First, it is plain that, from the time when they obtained de facto control of the affairs of the Bibleway Trust, due to the departure of other trustees, the present trustees treated the financial affairs of the Cambridge Congregation as part and parcel of the financial affairs of the Bibleway Trust, making no distinction of any kind, either in relation to income or expenditure, between items attributable to the Trust and items attributable to the Cambridge Congregation. In fact, the overwhelming majority of specific itemised amounts both on the income and expenditure side of the accounts appeared to relate to the income and expenditure attributable to the Cambridge Congregation. Most of the items could only have arisen in connection with the affairs of the Cambridge Congregation, although a small number of them could at least in theory have included expenditure upon matters which, prior to the schism, were the responsibility of the national church rather than any particular congregation. There is not a single item which is unequivocally attributable to national rather than Cambridge matters. Thus, even though there are references such as “Jamaica Church”, “Missionary Retreat” and “Convention” which at first sight look more like national rather than Cambridge related activities, it remains perfectly possible that these items merely represent expenditure which the Cambridge Congregation decided to incur in supporting church related activities outside its immediate locality.
Secondly, none of the income and expenditure of the other congregations is included in any of these accounts. This is not in itself surprising since, following the schism, the Lewisham, Bethnal Green and Mitcham Congregations all seceded from the Bibleway Church and provided nothing by way of income or any information about their separate financial affairs to Bishop Williams and his fellow Trustees.

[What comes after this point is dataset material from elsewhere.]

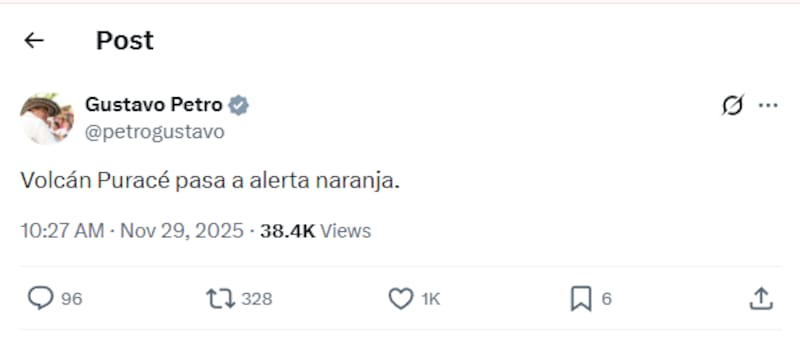 El presidente Gustavo Petro alerta a la población sobre este cambio significativo en la actividad del volcán.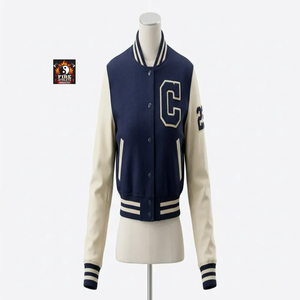 Chaqueta Varsity Corta 2025 para Mujer, Chaqueta Letterman Personalizada con Nombre y Logotipo, Bordado Chenille, Chaqueta Bomber Corta - Product Image 4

Thirdly, the accounts all purport to identify all three of the Lewisham, Bethnal Green and Mitcham Buildings (and the Cambridge Building before its sale) as forming part of the assets of the Trust. In each of 2004 to 2006 (inclusive) they are shown as having increasing estimated values, namely £1.403 million (2004), £1.559 million (2005) and £1.732 million (2006). Thereafter the aggregate value appears to fall but, as noted in paragraph 87 of my May 2010 judgment, only because of a decision to deduct the amount of debts secured on the Cambridge Building from that aggregate value.
Fourthly, it is clear that the Trustees’ stewardship of the combined affairs of the Bibleway Trust and the Cambridge Congregation during the five year period covered by these accounts gave rise to a constant excess of expenditure over income, even though the income and expenditure accounts for three of the five years purported to show modest surpluses. This appearance of surplus is mainly because the Trustees chose to include loans received during each year as income. Thus in 2004 the largest single item of income was described as “loan” in the amount of £38,472.92. Allowing for “loan repayment/refund” of £1,446.61, the net loan income was therefore £37,026.31. If stripped out it turns a reported surplus of £21,540.01 into a real deficit of £15,486.30. Applying the same calculation to the 2005 accounts turns a reported deficit of £21,409.71 into a real deficit of £46,269.66. In the 2006 accounts, the same calculation turns a reported surplus of £35,744.21 into a real deficit of £7,652.58. In 2007 the calculation converts a reported deficit of £11,706.32 into a true deficit of £21,689.94.
The year ended 31st March 2008 is complicated by the sale of the Cambridge Building, from which the Trustees reported receiving a net £23,302.98. In fact the completion statement from the trustees’ solicitors shows net proceeds of £28,693.85. On the income and expenditure account loan repayments exceeded new loan credits by £15.236.06. If loans and the net capital amount reported as received on the sale of the Cambridge Building are stripped out of the income and expenditure account, a reported surplus of £838.29 is converted to a real deficit of £7,228.63.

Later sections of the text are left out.